§ **Goal of the exercise**:
Return the lines of the listing below exactly as they appear, beginning at the one with "Botas de fútbol" and stopping after the one with "Studio Background Concept"; do not include pictures.
___ Data for processing
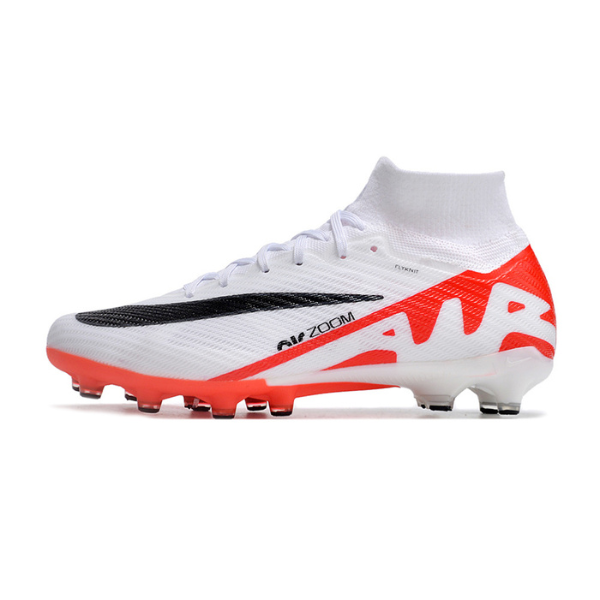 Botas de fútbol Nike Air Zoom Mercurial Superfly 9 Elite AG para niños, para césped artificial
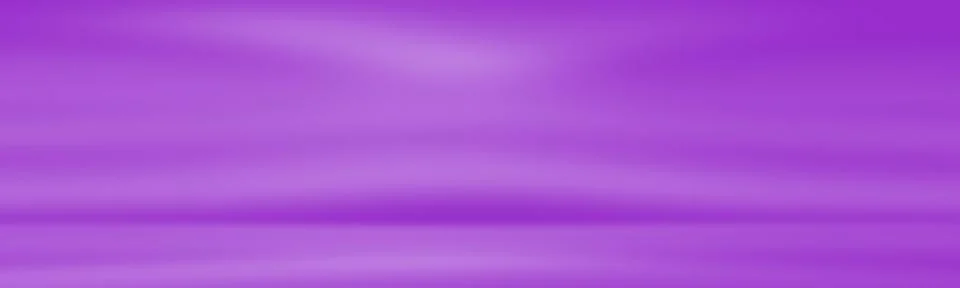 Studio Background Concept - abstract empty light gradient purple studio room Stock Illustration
______
___ Data for processing
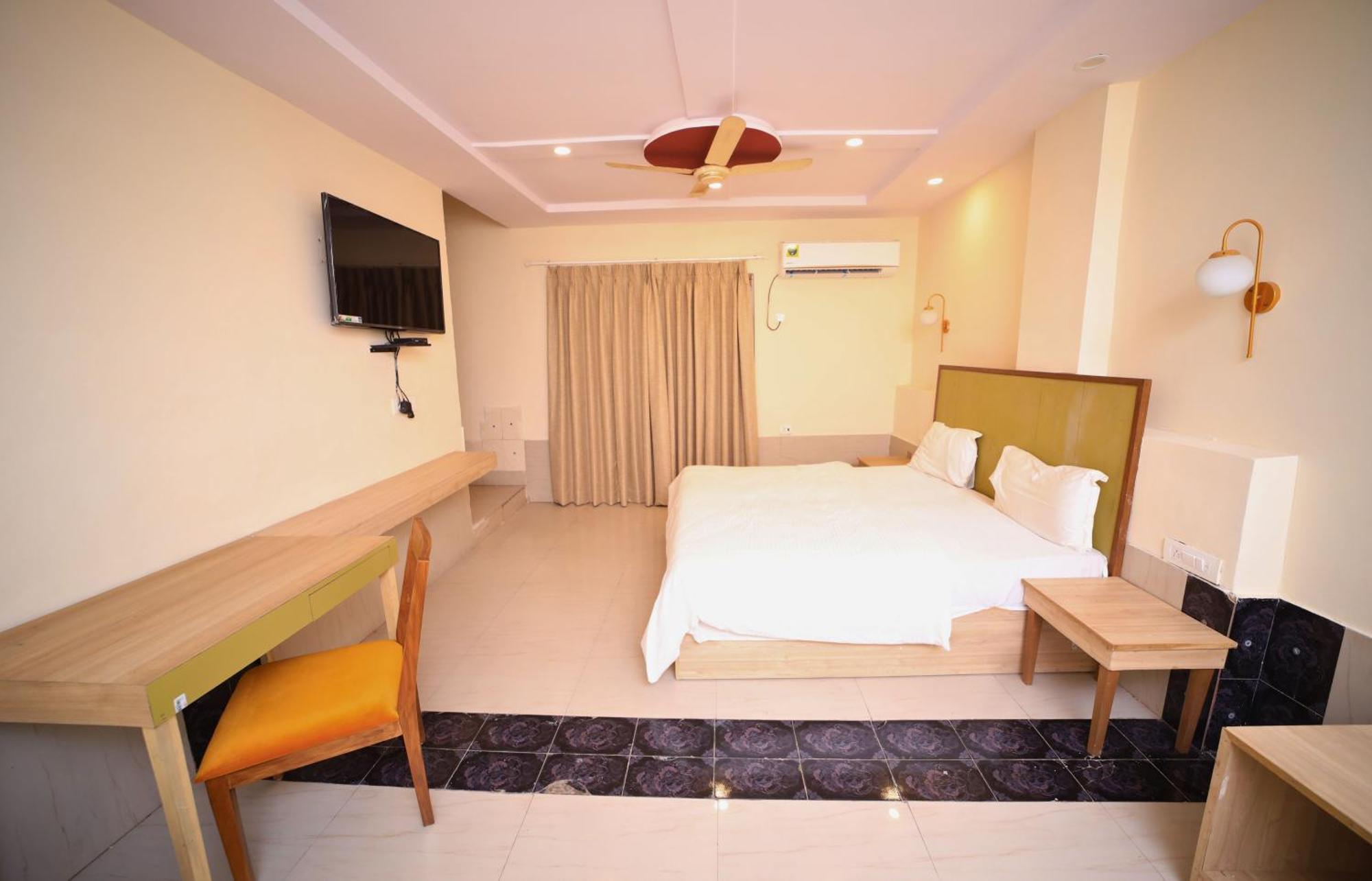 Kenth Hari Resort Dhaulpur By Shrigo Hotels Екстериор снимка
______
§ **Finished task**:
 Botas de fútbol Nike Air Zoom Mercurial Superfly 9 Elite AG para niños, para césped artificial
 Studio Background Concept - abstract empty light gradient purple studio room Stock Illustration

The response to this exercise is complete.